With pictures left out, please repeat word for word the lines from the one containing "兔子梳毛器兔毛梳子侏儒兔垂耳兔龙猫梳毛器去浮毛按摩清洁用品" through the end of the records.

Captioned web images
--------
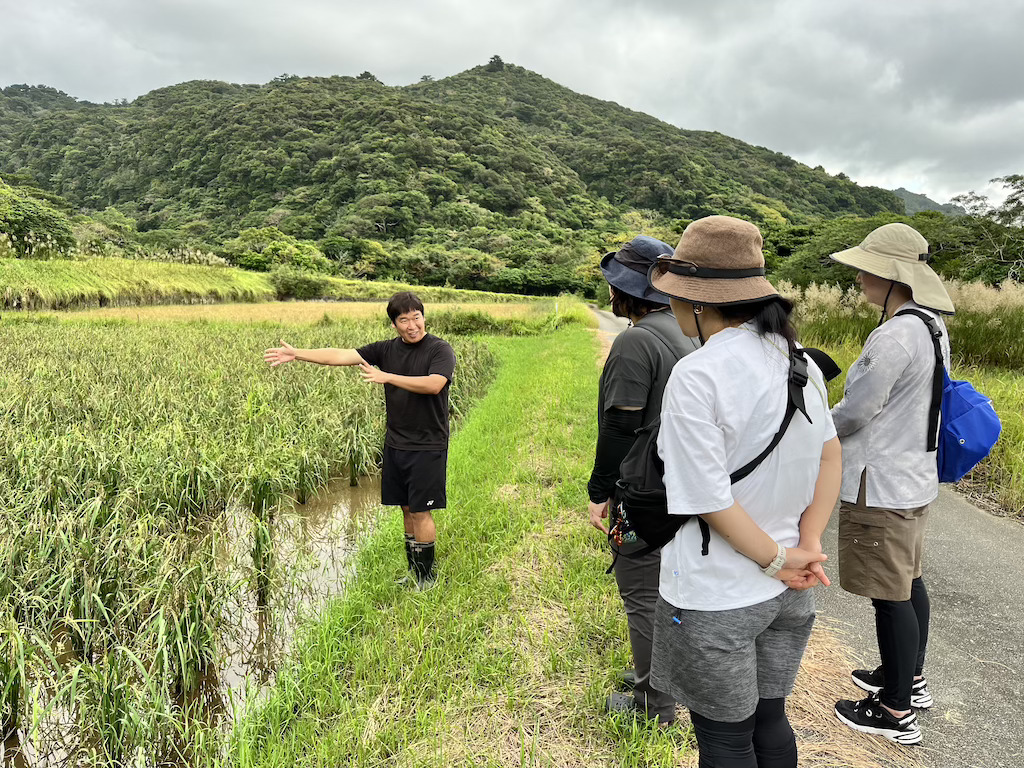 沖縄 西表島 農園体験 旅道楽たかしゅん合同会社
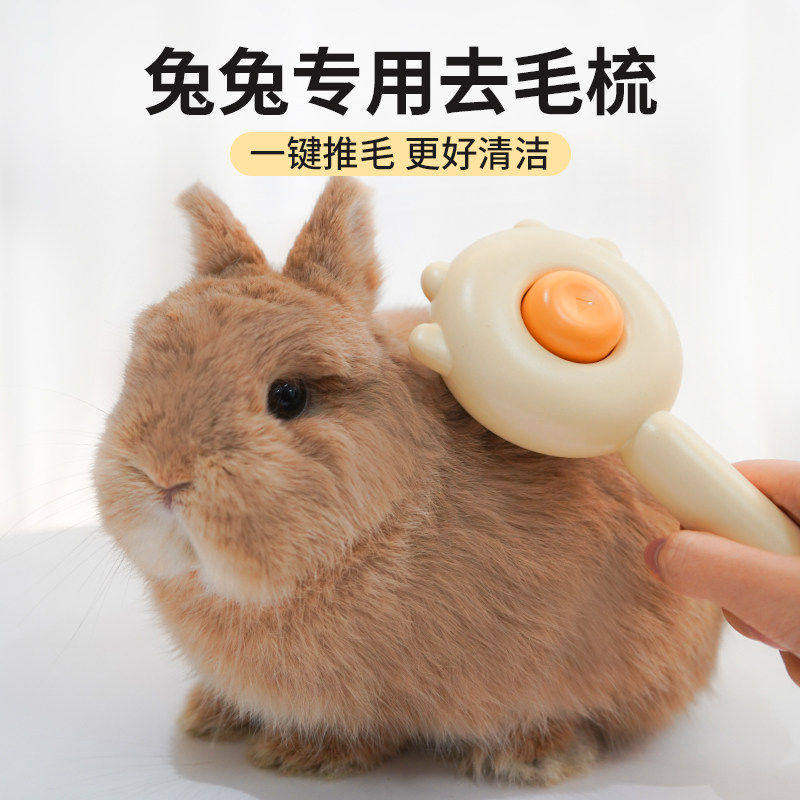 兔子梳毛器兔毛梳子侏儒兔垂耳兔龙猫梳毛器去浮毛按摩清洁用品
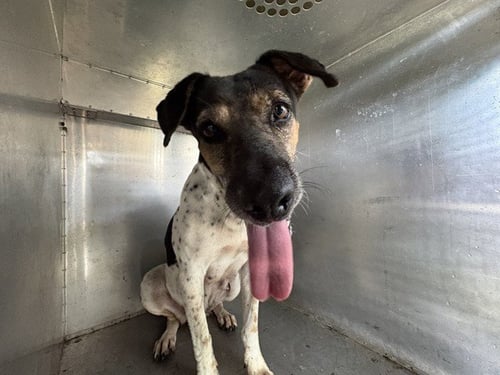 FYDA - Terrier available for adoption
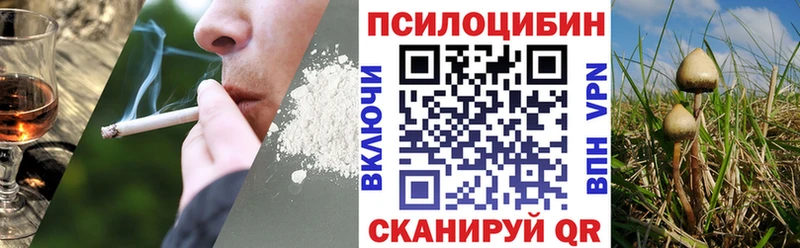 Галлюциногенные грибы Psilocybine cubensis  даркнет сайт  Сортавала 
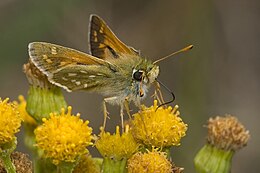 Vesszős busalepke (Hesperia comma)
--------
Worked solution:
 兔子梳毛器兔毛梳子侏儒兔垂耳兔龙猫梳毛器去浮毛按摩清洁用品
 FYDA - Terrier available for adoption
 Галлюциногенные грибы Psilocybine cubensis  даркнет сайт  Сортавала 
 Vesszős busalepke (Hesperia comma)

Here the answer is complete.